• **WHAT IS EXPECTED**:
Reproduce the lines below exactly. Skip images.

• **INPUT DATA**:
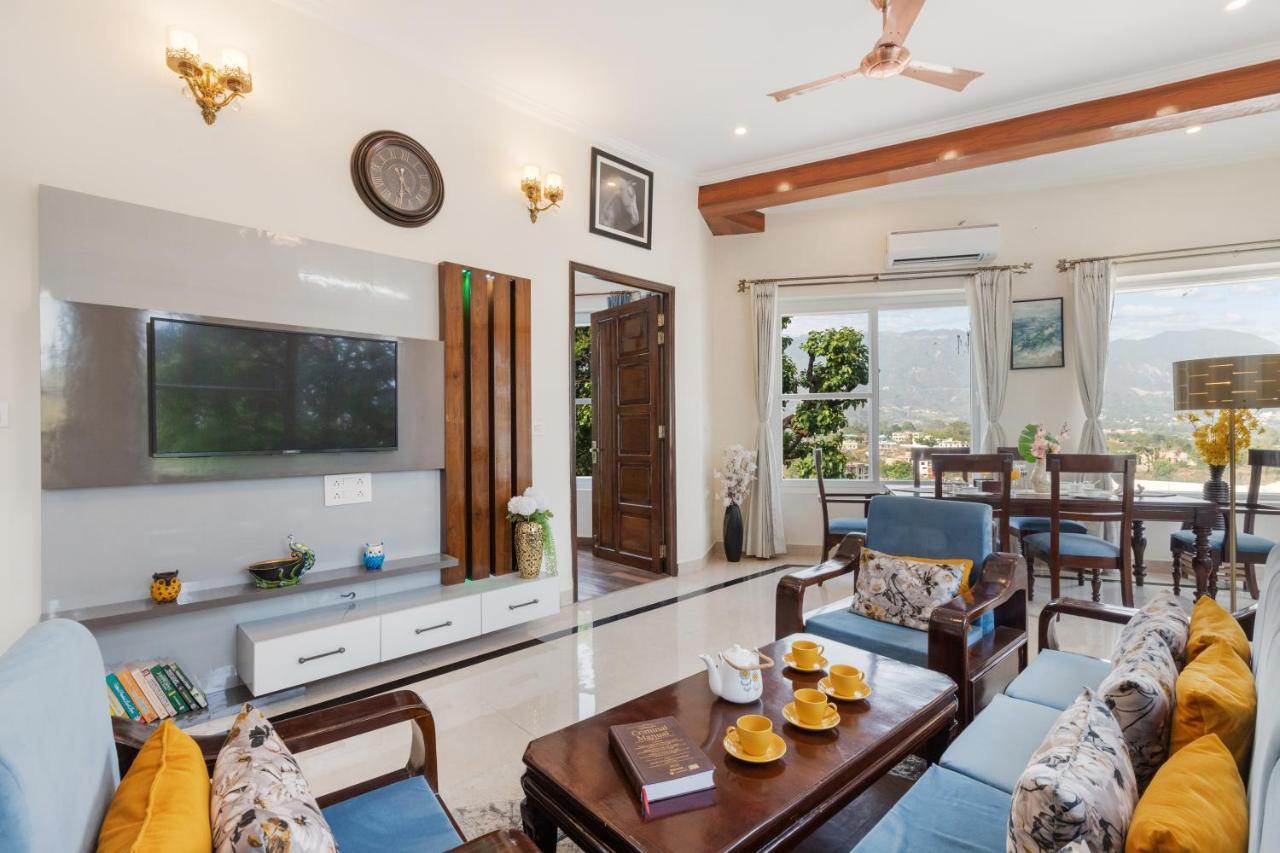 Saffronstays Asher House, デヘラードゥーン エクステリア 写真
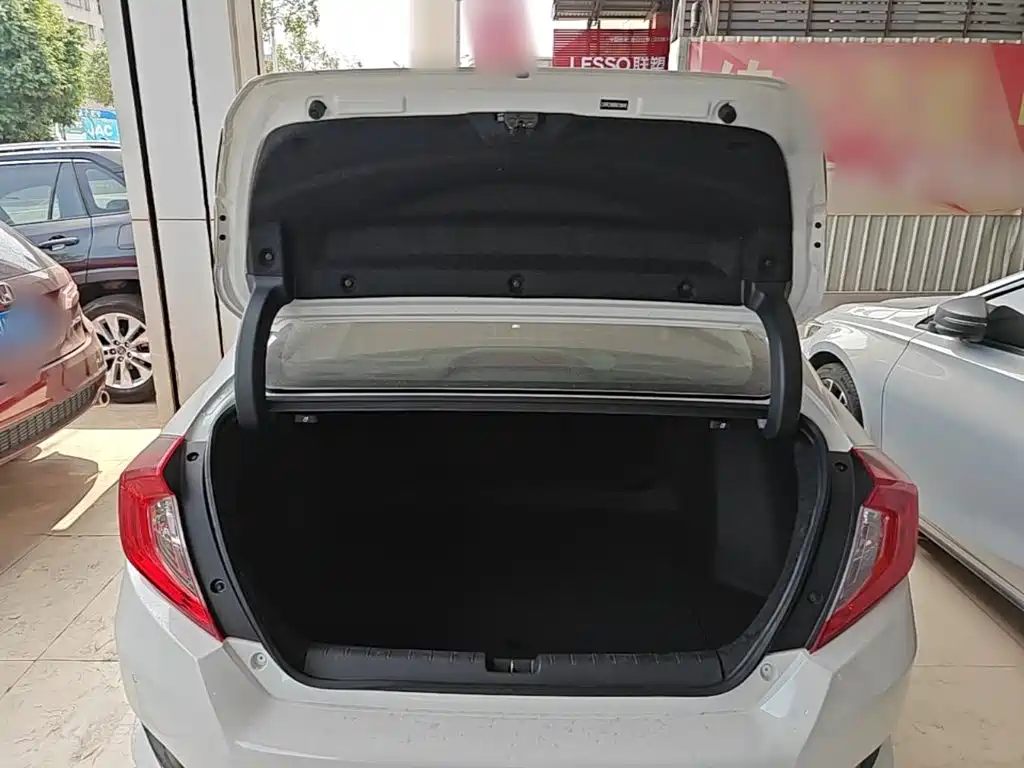 Honda Civic — фото 19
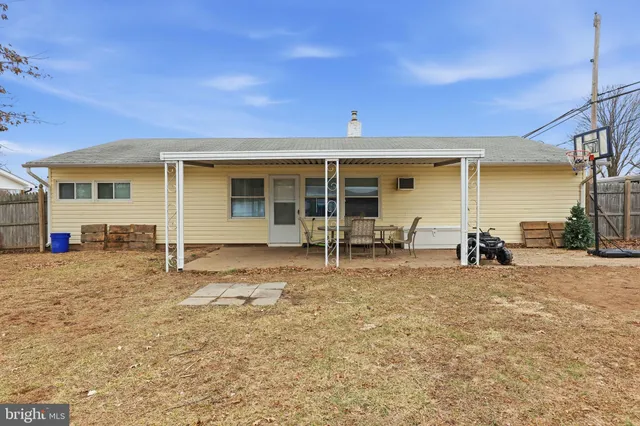 $329,900 | 8 Starlight Lane, Levittown, PA 19055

• **SOLUTION FOR THIS TASK**:
 Saffronstays Asher House, デヘラードゥーン エクステリア 写真
 Honda Civic — фото 19
 $329,900 | 8 Starlight Lane, Levittown, PA 19055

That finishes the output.